Diante de tantos nomes de peso, o Ziraldo não se fez de rogado e, num pedaço de parede, deixou também rabiscado um seu Menino Maluquinho a saudar o grande Silvyo que, aliás, também foi um dos palestrantes convidados naquela Bienal.







Ziraldo, durante o “passeio”, ia pedindo uma coisa e outra, colhendo “flores daquele jardim”. Depois, sentou-se na banqueta do Silvyo, na entrada da loja, atendeu telefonemas, foi fotografado pelos clientes que o reconheceram, contou algumas outras histórias e, depois, tomamos o rumo direto para o aeroporto. Entre as aquisições, as Playboy da Xuxa e da Luiza Brunet: “Vou levar. Acredita que eu nunca vi?”

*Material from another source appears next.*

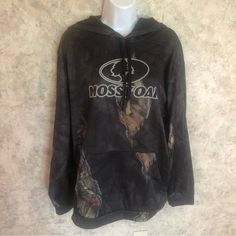 Mossy Oak Men’s Camouflage Hoodie Top This Hoodie Is Very Soft And Stretchy. It Has A Large Pocket In The Front With Two Openings On Each Side. The Fabric Of The Body Is 98% Polyester And 2% Spandex. The Lining Is 100% Polyester. Machine Washable In Cold Water And Tumble Dry. Do Not Iron. It’s New Without Tags And In Excellent Condition. Offers Are Welcomed. Camouflage Sweatshirt With Adjustable Hood For Fall, Fall Camouflage Sweatshirt With Adjustable Hood, Casual Camouflage Fleece Hoodie, Casual Camouflage Hoodie For Streetwear, Camouflage Long Sleeve Sweatshirt With Adjustable Hood, Camouflage Hooded Top For Streetwear, Casual Camouflage Sweatshirt For Outdoor Activities, Casual Camouflage Hoodie For Outdoor Activities, Casual Camouflage Tops For Outdoor Activities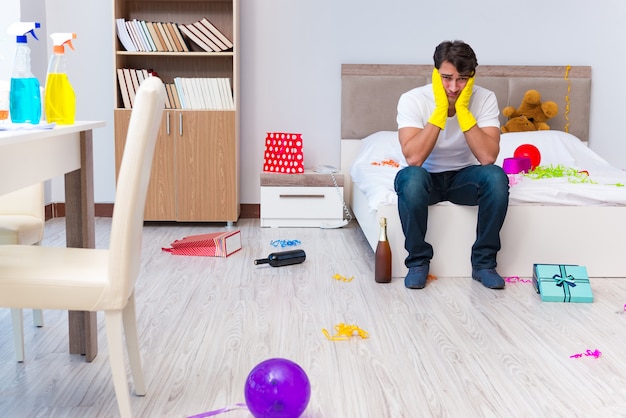 Man cleaning the house after christmas party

No aeroporto, o problema era: tinha que comprar qualquer coisa para colocar o grande número de livros e revistas que ele havia ganhado e comprado. Não foi fácil. “O aeroporto de vocês é muito pequenininho...” Mas conseguimos. Quando na hora de guardar tudo na bolsa – “A Márcia não sabe mais o que fazer com tanta bolsa” –, ele perguntou: “E você não escreve? Cadê os seus livros?” Não tinha levado nada. Fiquei de enviar depois. Nunca o fiz. E assim nos despedimos. Cheguei a ligar para ele umas duas vezes, no máximo. As lembranças, praticamente todas, de sua vinda e companhia, estão aqui registradas. Foram apenas dois dias, mas memoráveis. Com a sua derradeira partida, todas essas passagens pintadas há 14 anos me voltam à mente. Tão distantes, que sinto como se fora um filme antigo. Esforço-me para lembrar mais detalhes, todos, porém muitos se perderam irrecuperavelmente, assim como a minha coleção da Turma do Pererê, valiosamente ali autografada, contudo, degustada criminosamente por meus vis cupins.